Mas o “revogaço” anunciado pelo decreto 9759, assinado semana passada pelo atual presidente da República vai na contramão disso tudo. Ao invés de fortalecer as instâncias de participação e controle social, o governo federal pretende acabar com dezenas desses órgãos, em nível federal. Alguns desses colegiados, como por exemplo o Comitê Gestor da Internet no Brasil (CGI), o Conselho Nacional de Segurança Pública (Conasp), o Conselho Nacional dos Direitos da Pessoa com Deficiência (Conade) e o Conselho Nacional de Segurança Alimentar (Consea), têm sido referência na formulação de programas e projetos que contribuíram bastante para a construção de políticas pra cada um desses setores.
O autoritarismo não gosta de divergência, de debate, de disputa democrática em espaços igualitários de poder. Prefere a política do cochicho no ouvido. Do almoço em família. Do telefonema do amigo. Do happy hour no country club. A todas estas formas escusas de debate sobre a coisa pública, o novo governo acrescenta um arremedo de participação enviesada quando, por exemplo, toma decisões (ou, mais frequentemente, volta atrás nelas) a partir de medições em redes sociais. Nessa lógica perversa que exclui boa parte da população, ainda sem acesso à banda larga e muitas vezes analfabeta digitalmente, democracia é o que menos se tem, afinal de contas, a régua do governo mede de forma diferente posicionamento de perfis que aplaudem ou discordam das linhas centrais da atual gestão.
Quando, numa canetada, o presidente anuncia a extinção de órgãos em que praticamente todas as pessoas interessadas (independente de cor partidária ou visão de mundo) têm a prerrogativa de buscar a participação, fecham-se as portas do debate e se enfraquece até o combate à corrupção.

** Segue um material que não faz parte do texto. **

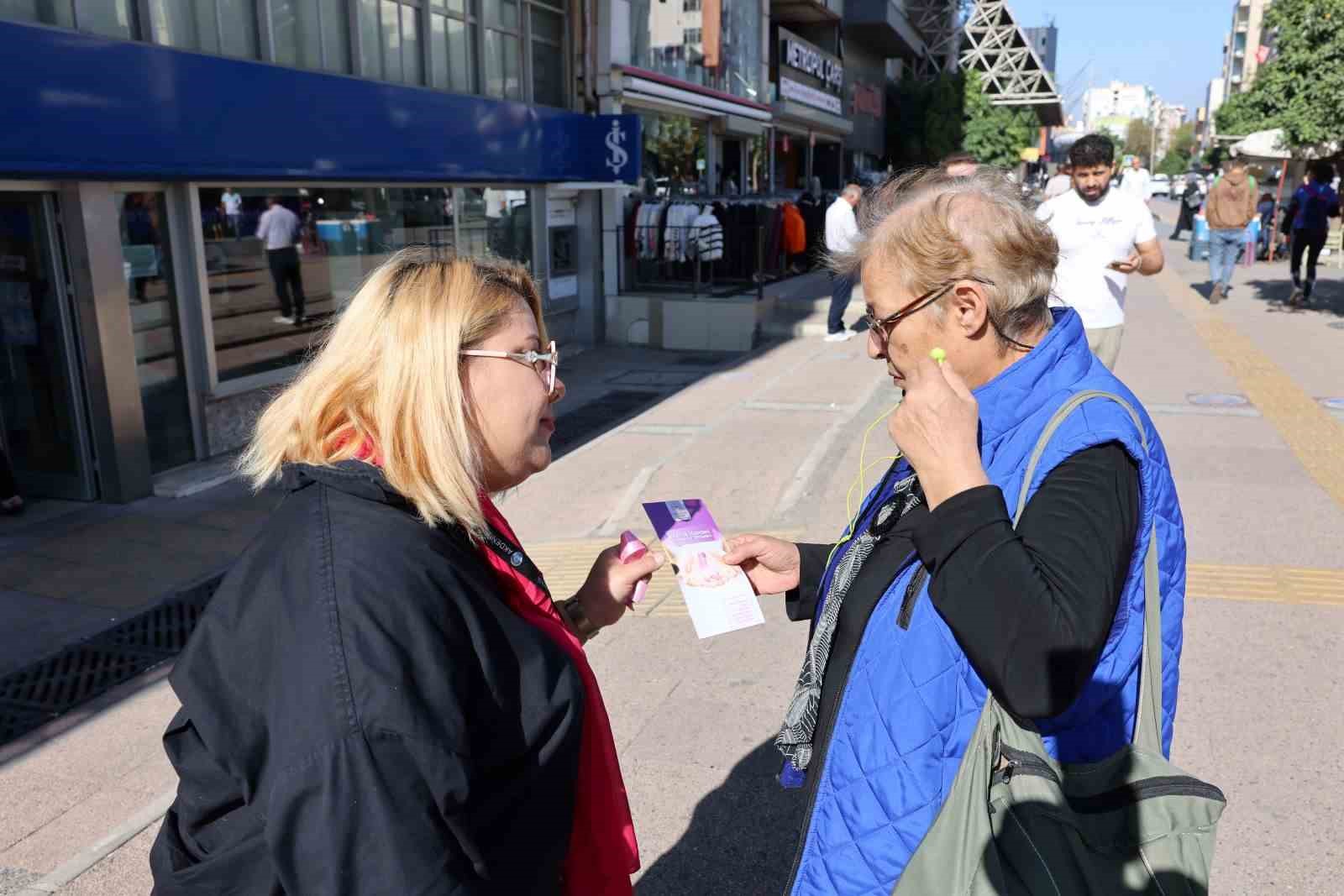 Akdeniz Belediyesinden meme kanseri farkndal iin pembe kurdele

Afinal de contas, quanto menos gente olhando de perto, mais fácil burlar regras e pegar atalhos nem sempre republicanos. Mais uma vez, em nome de um pretenso “combate à ideologia”, a ultradireita que tomou o poder no Brasil empurra a sua própria ideologia goela abaixo de um país cada vez mais perplexos com os rumos que tomou.
No início da semana, meu partido, o PSOL, protocolou ação popular na Justiça Federal pedindo a anulação do decreto que atenta contra a Constituição de 88 e as normas internacionais de direitos humanos. Uma medida, sem dúvida, importante. Mas que não será suficiente para barrar o retrocesso se não contar com o apoio e a mobilização que precisa vir de toda a sociedade. Que não nos calemos para sempre.